And then finally, the drive to work became very, very frightening, as did answering the phone, any kind of contact with the outside world. So what we agreed was that he would begin an incremental exposure program, where initially he would agree to pick up the phone and to go outside a number of times a day, walk around the block, to go to work, and eventually start reclaiming the territory that he had lost to his PTSD. Another way that I've done that with patients is to do flooding.
I had a woman who had survived a devastating motor vehicle accident and was terrified of driving, particularly on interstates where the accident had occurred. So she needed to drive on the interstate though, because that's her job required that she travels around a lot here in New Mexico. And so what she agreed to do was to gas up her car, take her credit card, and go drive on the interstate from city to city, hour after hour, until one of two things happened. Either it was time to come home and go to bed, or she was no longer fearful of being on the interstate, having big rigs go by, which had been the situation for the accident. This negative self-image is a very common sequelae of trauma. And from a TEAM perspective, we find double standard approaches can be very helpful.
And we think that's true because it taps into that deep empathy that so many PTSD patients have. They can extend that to others, and our double standard tools allow that to extend that to themselves. We can also positively reframe that negative self-image, that negative self-talk.

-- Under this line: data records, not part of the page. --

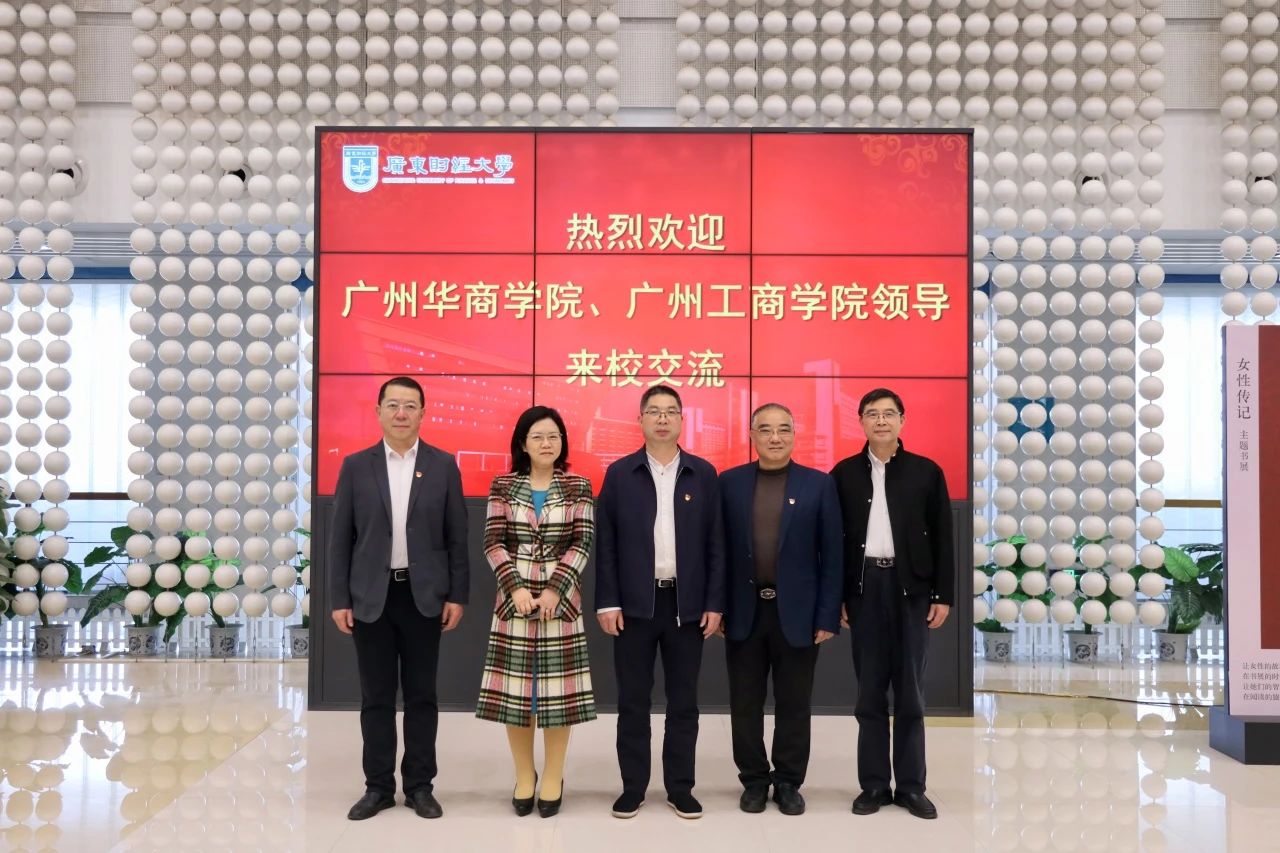 8096937C155E25EA5FBA3C40675_92864932_2BE49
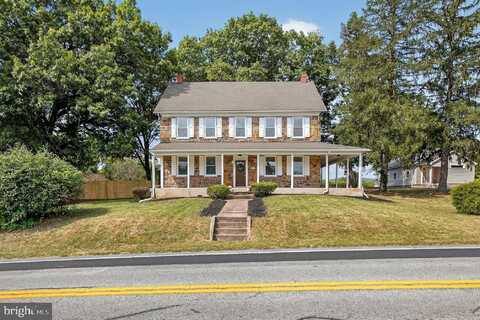 225 E CANAL ROAD, YORK, PA 17404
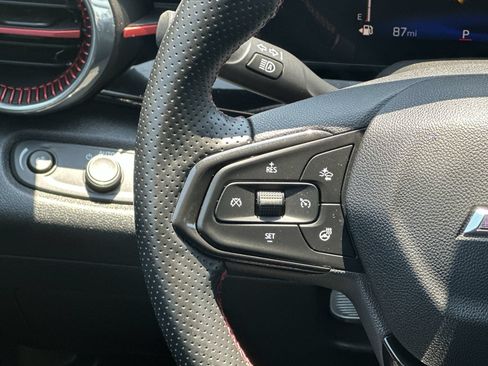 Used 2024 Chevrolet Trax RS w/ Driver Confidence Package FWD image 20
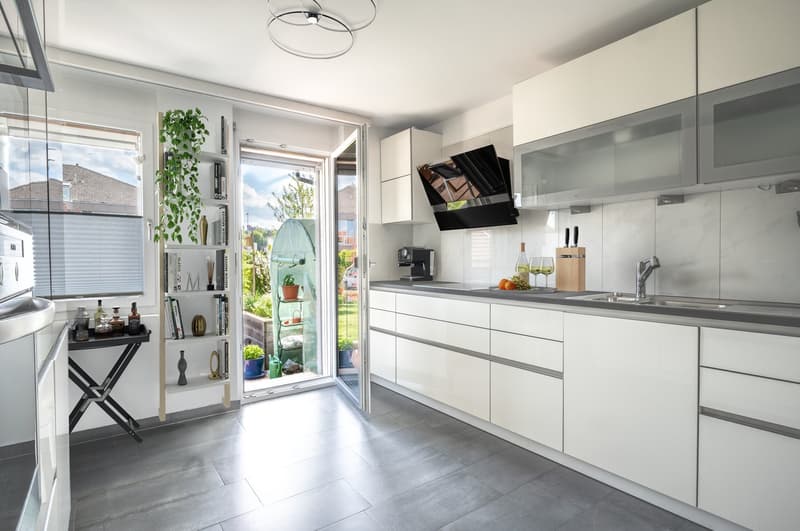 Idyllic Rhine-side Home – Single-family House in Tägerwilen (7)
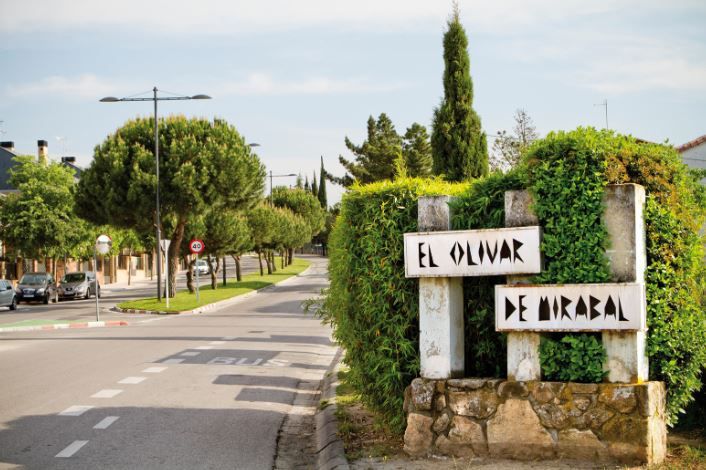 Exterior view of Single-family semi-detached for sale in Boadilla del Monte  with Air Conditioner, Heating and Terrace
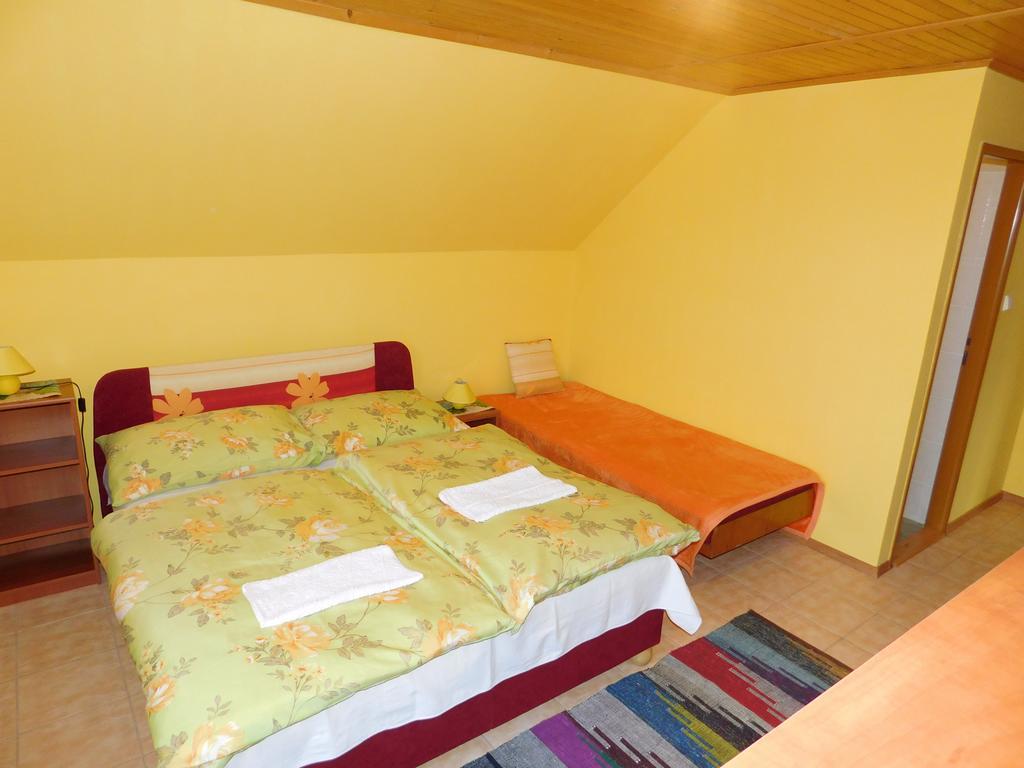 Apartmany Tania Závažná Poruba الغرفة الصورة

This is a doubly paradoxical approach. It focuses on the solution aspect of the illness and looks at all of the awesome things that feeling crummy about ourselves say about us. It can be very, very powerful for some patients, some of the time. None of the tools that we use help all patients all of the time, and that's why we've created as many of these as we have. And because PTSD is just one of a handful of DSM diagnoses that requires an event from the past, memory re-scripting can be very helpful. I sometimes use hypnosis to do this and can use hypnosis to help rewrite traumatic memory or to actually install missing memory.
So I had a patient who was very sad, not only about having been abused as a child, but equally about not having positive memories of things like Christmas or birthdays. At her request, I installed these memories in her subconscious mind, and while she had amnesia for those memories consciously, her PTSD symptoms went down and eventually in conjunction with the other work that we did went away. We have a suite of interpersonal team tools that we use for relational conflict.

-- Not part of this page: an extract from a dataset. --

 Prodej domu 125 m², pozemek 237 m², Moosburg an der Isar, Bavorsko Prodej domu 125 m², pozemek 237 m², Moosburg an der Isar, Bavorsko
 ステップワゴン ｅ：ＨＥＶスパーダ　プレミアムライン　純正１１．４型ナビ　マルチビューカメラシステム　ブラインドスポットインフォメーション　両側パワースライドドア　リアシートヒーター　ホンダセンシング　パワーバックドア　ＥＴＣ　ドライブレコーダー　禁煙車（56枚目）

And what I found myself experimenting with is using these tools in an intrapersonal direction. So downstream from an abusive trauma of some sort, an abusive relationship with parts of ourselves can emerge. And this seems particularly to happen if the abuse happened early in life. And so this recapitulation of our relationship with parts of ourselves might have to do with some part of our own body. I had one patient who had been raped and told me, I love myself from the navel up, but I'm done with everything else. Or it could be related to feelings or other aspects of who we are.

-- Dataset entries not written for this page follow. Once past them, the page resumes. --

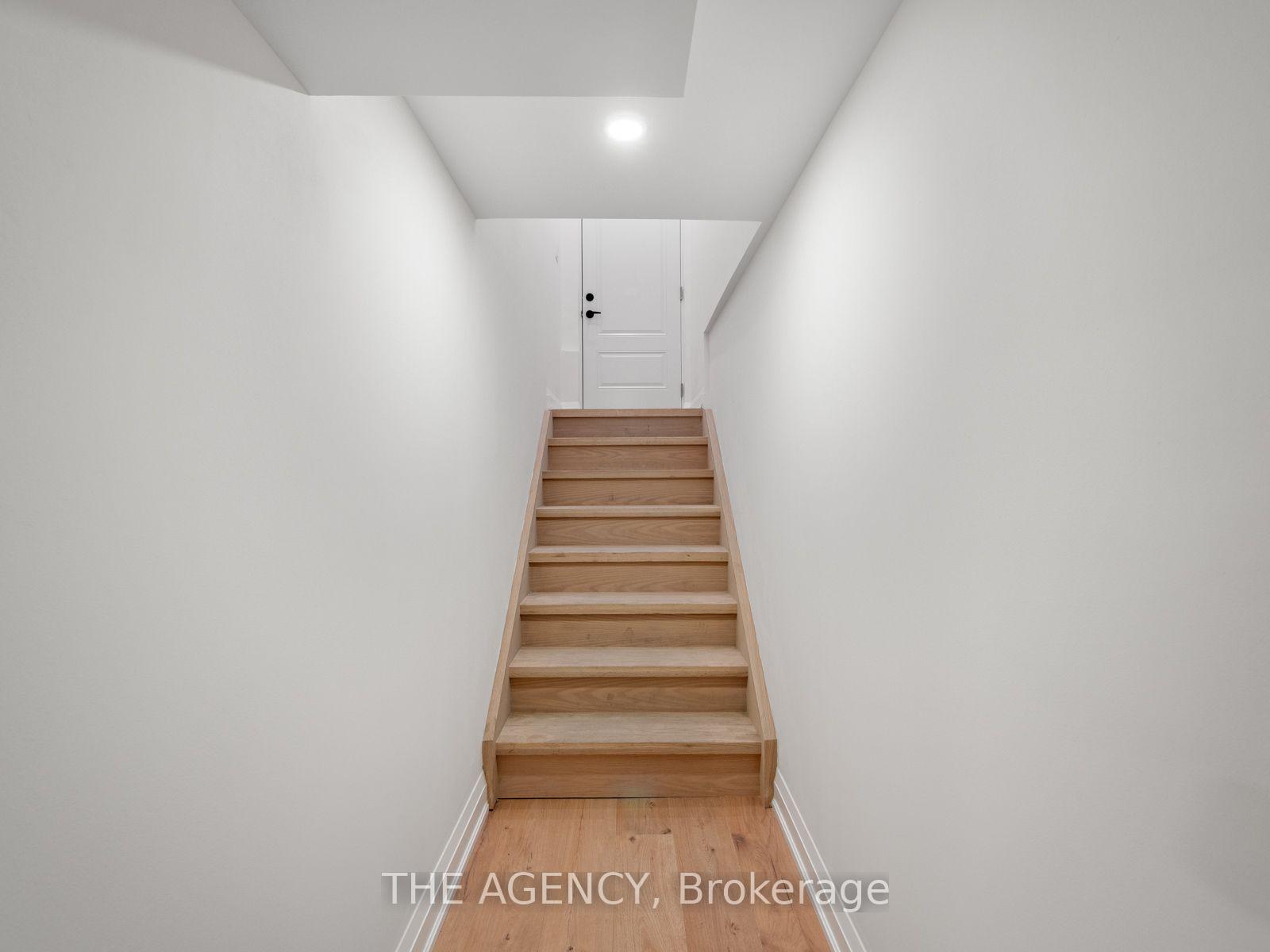 Photo 33 of 26 Webster Drive, Aurora, Aurora Highlands — HOMEH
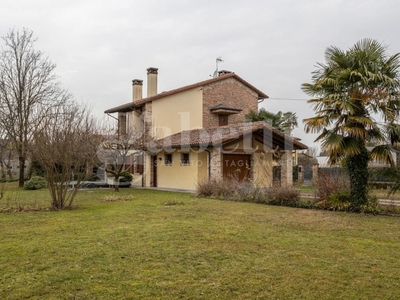 Villa singola in Via Polon 6, Valvasone Arzene, 10 locali, 4 bagni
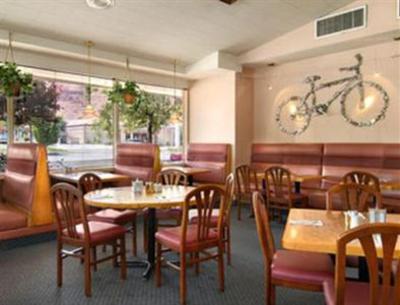 фото отеля Ramada Moab Downtown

So just as we would do an interpersonal downward arrow, which Sam and I use to help see what's going on between us, we could do an intrapersonal downward arrow that would look at what's going on in these relationships of different parts of myself, my body and my mind, the top of my body, the bottom of my body, my emotional life, my cognitive life. What are the roles here? What do these different parts do? And then what are the rules that are driving those roles? And this can be tremendously revelatory for patients and for ourselves, and also set the stage for understanding what's happening interpersonally, because those intrapersonal dynamics are very likely to get projected into our relational lives. And then we'll experience the same dynamics there.
Another interpersonal team approach is the five secrets of effective communication. We teach this in our training group, so I teach this to many of my patients, and it can be tremendously helpful in terms of resolving interpersonal conflict, reconnecting with each other in human and authentic ways. So one of my patients started doing this with himself, and he'd say, so Daniel, you're telling yourself that after all of that bad stuff that happened to you, you're just no good, and you know it, and everyone knows it, and you sound really sad and really hopeless.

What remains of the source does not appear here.